▶ **Exercise details**: All lines from the one containing "Platinum Navy Blue Turban | Full Voile" through the final line of the listing below, and no others, must be returned exactly; no pictures belong in the copy.
- - - - -
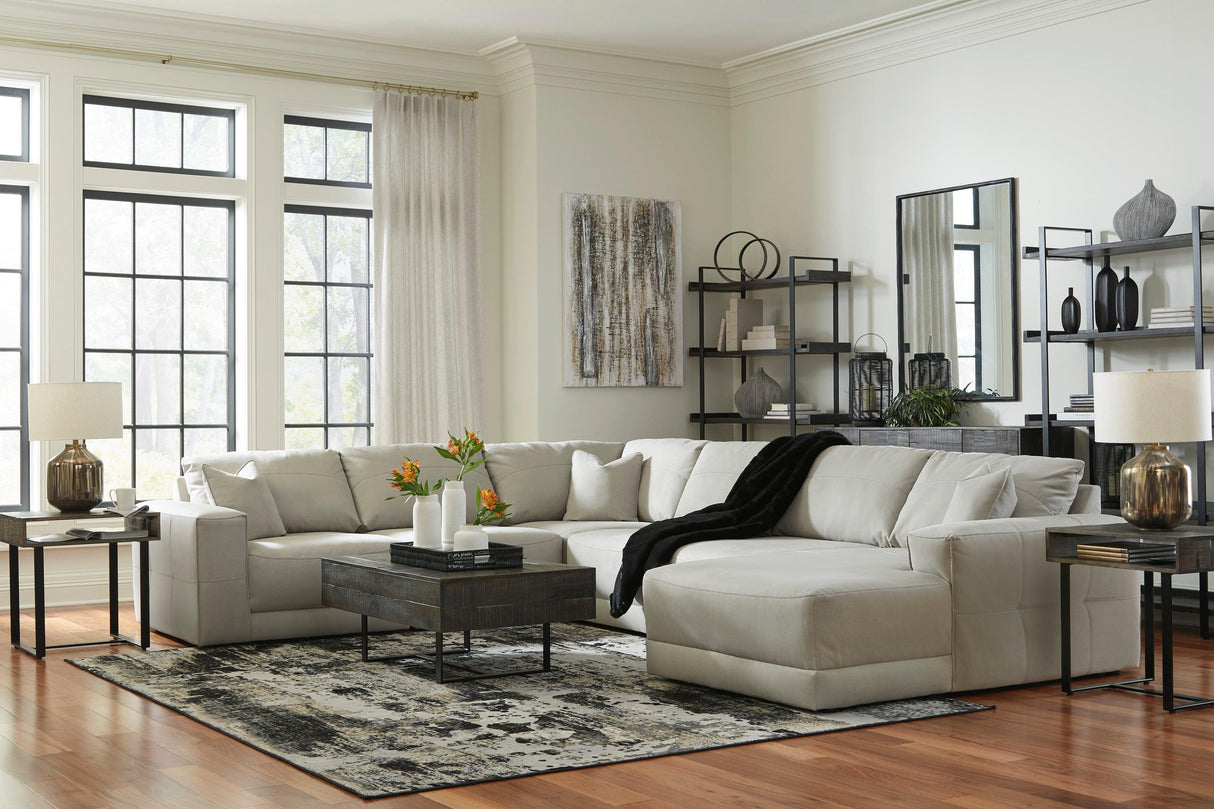 Next-Gen Gaucho Gray 6-Piece Right Arm Facing Chaise Sectional by Ashley at Eve Furniture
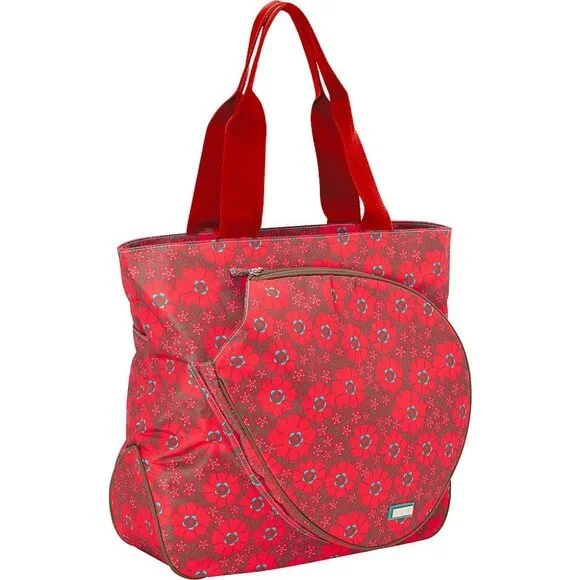 Hadaki Tennis Floral Tote Shoulder Bag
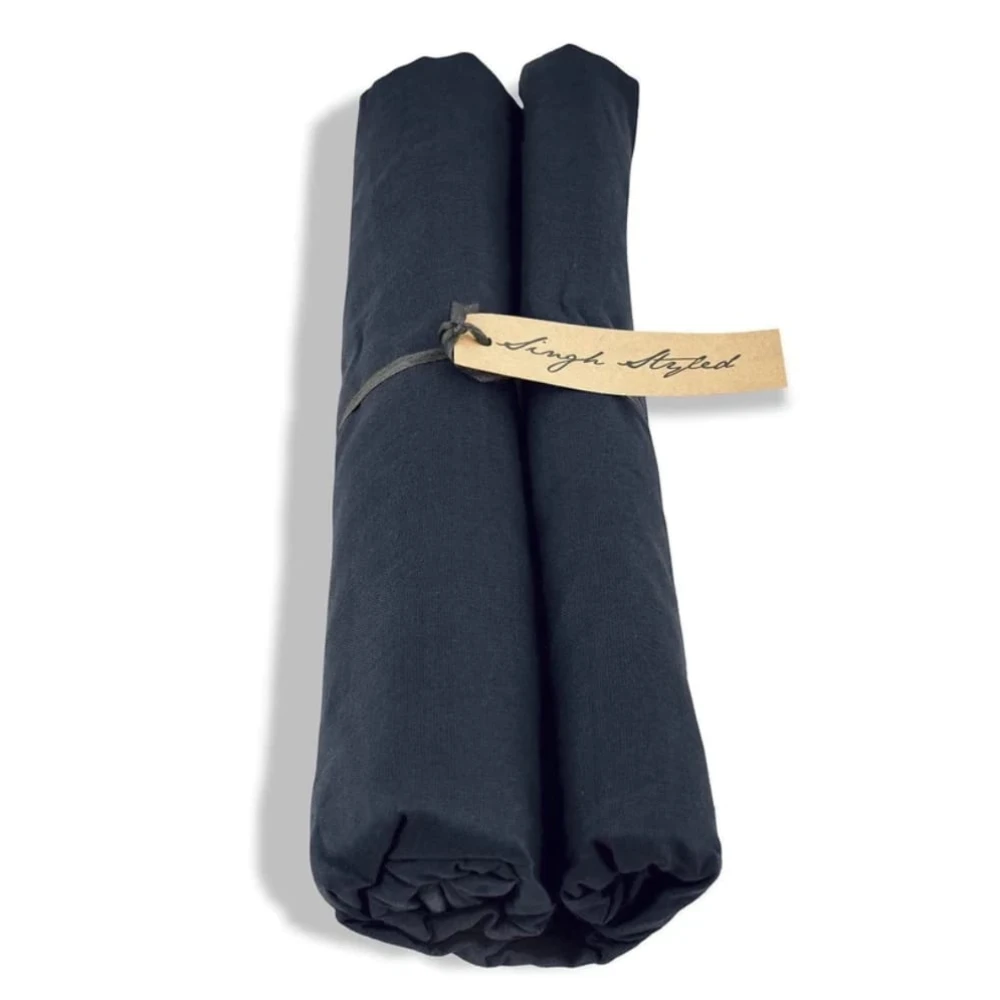 Platinum Navy Blue Turban | Full Voile
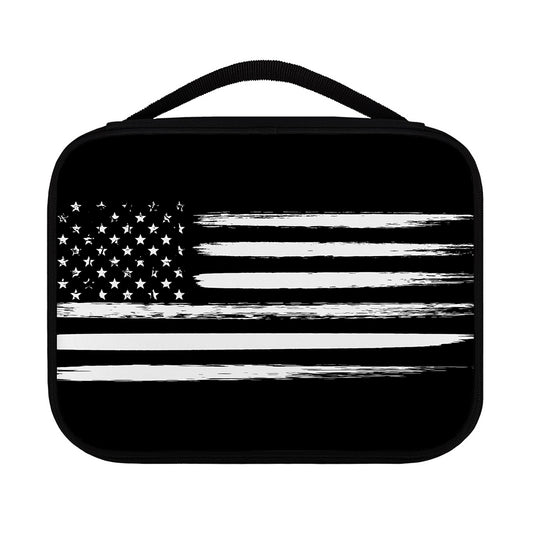 Black And White USA Flag Print Classic Bible Case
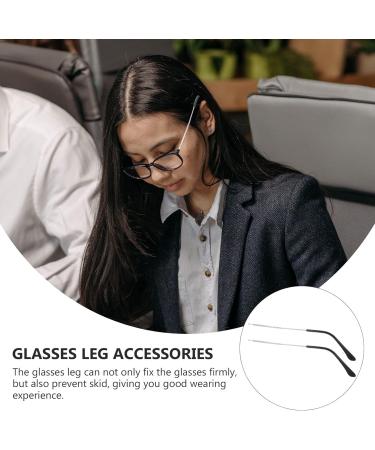 Stobok Metal Glasses Frame Stand - Replacement Ear Grip Accessories for Glasses | Durable Tooth Protective Equipment in Silver - Buy Online on GoSupps.com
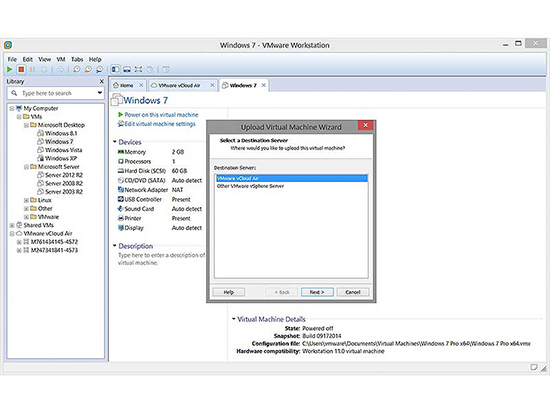 VMware Workstation 11 leverages vSphere and vCloud Air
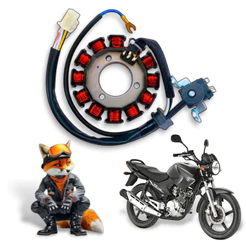 ESTATOR HONDA CG TITAN 125 92-99 C/ BASE E BOBINA DE PULSO
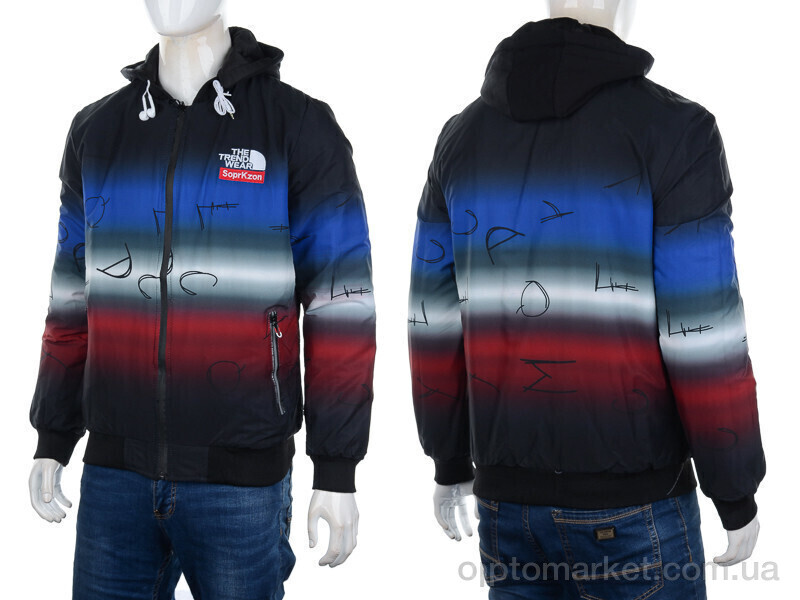 Купить Куртка чоловічі 7799 blue Ikzone синій, фото 3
- - - - -
▶ **Your response**:
 Platinum Navy Blue Turban | Full Voile
 Black And White USA Flag Print Classic Bible Case
 Stobok Metal Glasses Frame Stand - Replacement Ear Grip Accessories for Glasses | Durable Tooth Protective Equipment in Silver - Buy Online on GoSupps.com
 VMware Workstation 11 leverages vSphere and vCloud Air
 ESTATOR HONDA CG TITAN 125 92-99 C/ BASE E BOBINA DE PULSO
 Купить Куртка чоловічі 7799 blue Ikzone синій, фото 3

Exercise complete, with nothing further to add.